Maybe not. Stone Blind takes us back to Medusa’s birth and her arrival on a rocky shore to be cared for by her Gorgon sisters, Sthenno and Euryale. These two are tusked creatures with snakes for hair, powerful claws and wings that make them swift in the air after their prey. But Medusa is a mortal baby they need to learn how to care for. She has a human form apart from tiny wings and can’t chew carcasses and crunch bones. The sisters keep sheep to feed the baby milk, and learn to make bread.

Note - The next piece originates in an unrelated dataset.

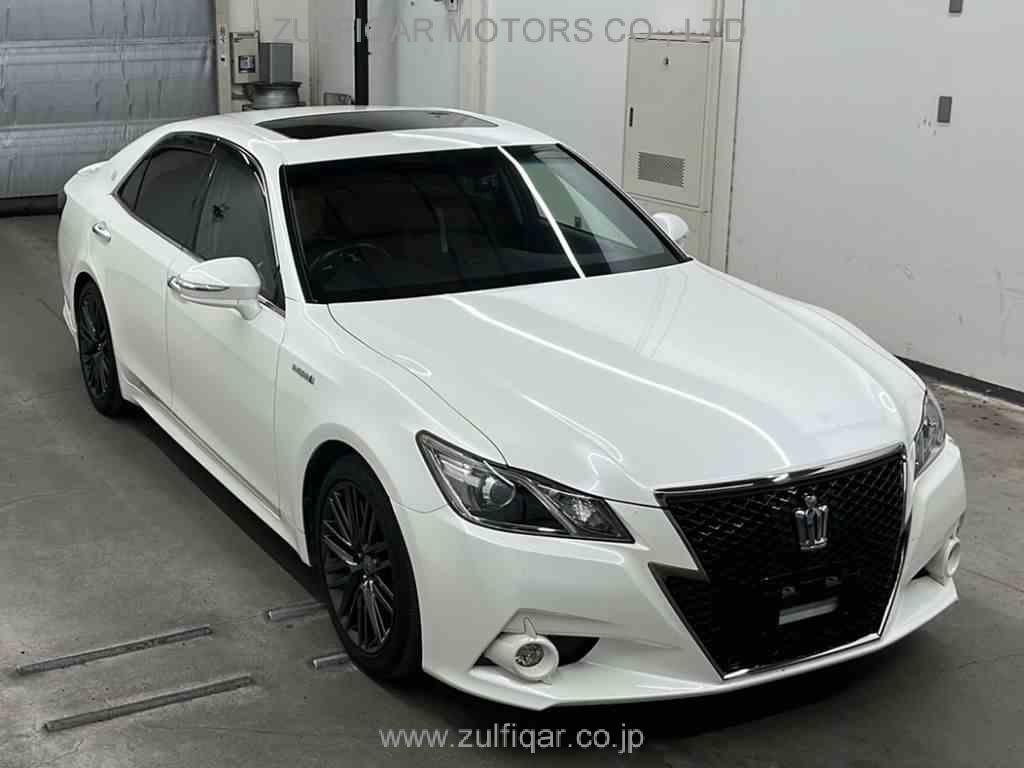TOYOTA CROWN HYBRID 2015 Image 1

The three make a loving family, and Medusa grows into a beautiful girl, who attracts the interest of Poseidon, god of the sea. Meanwhile, in another kingdom, a beautiful princess is kept in a dungeon by her father. It is told that Danae will bear a son who will kill King Acrisius, so the king isn’t taking any chances. But what can he do against Zeus, king of the Olympian gods, who breaks into Danae’s cell as a shower of gold. The offspring of this encounter will be Perseus, and how he survives to fulfil his destiny is an interesting strand to this story.

And in the kingdom of Ethiopia there’s the story of Andromeda, another beautiful princess, but without a brother to take over her father’s kingdom is doomed to marry her uncle to secure the royal line. These poor women are pawns in the hands of powerful men; while around humankind and their struggles are the constant machinations of the gods. They’re either like Poseidon and Zeus, raping pretty girls, or they’re bored youngsters like Athene, causing trouble, or perpetually angry like Zeus’s wife Hera, exacting revenge for every slight.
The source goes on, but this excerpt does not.